>>>

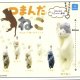 つまんだねこ マスコットボールチェーン (再販)（８月）【□２００円カプセルトイ　５０個入り　クオリア】＋正規台紙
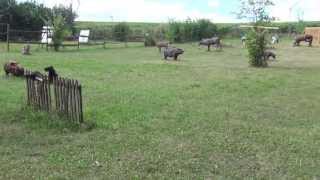 Bogensportplatz Hermanski in ALZEY  HEIMERSHEIM [upl. by Eecyac]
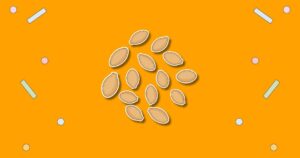 National Pumpkin Seed Day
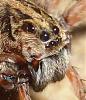 Wolf Spider 5-29-08 7eyes.JPG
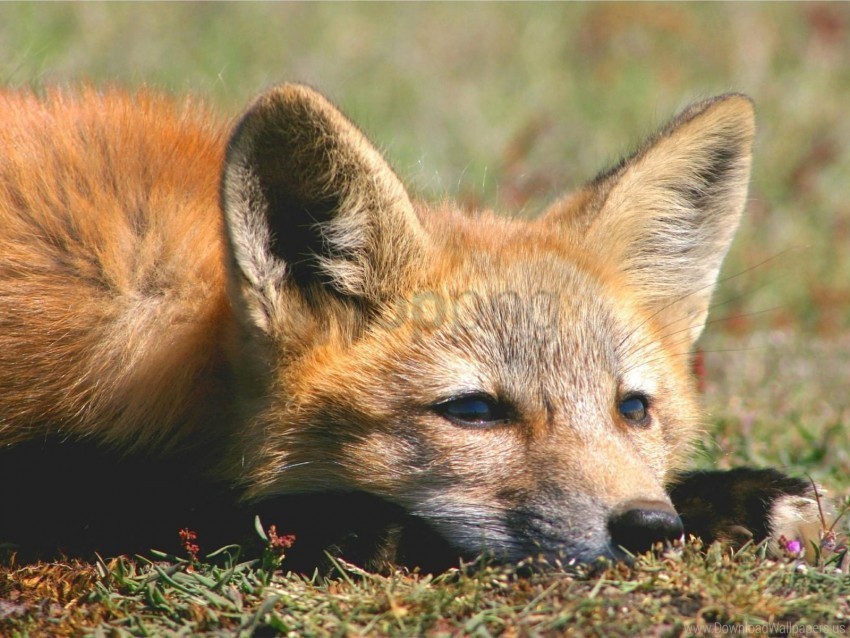 eyes face fox sadness wallpaper PNG images with no background essential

<<<

Problem to solve:
Reproduce the span beginning at the line with "National Pumpkin Seed Day" and ending at the last line of the entries above, inclusive, exactly as it stands. Exclude the pictures.

Expected answer:
 National Pumpkin Seed Day
 Wolf Spider 5-29-08 7eyes.JPG
 eyes face fox sadness wallpaper PNG images with no background essential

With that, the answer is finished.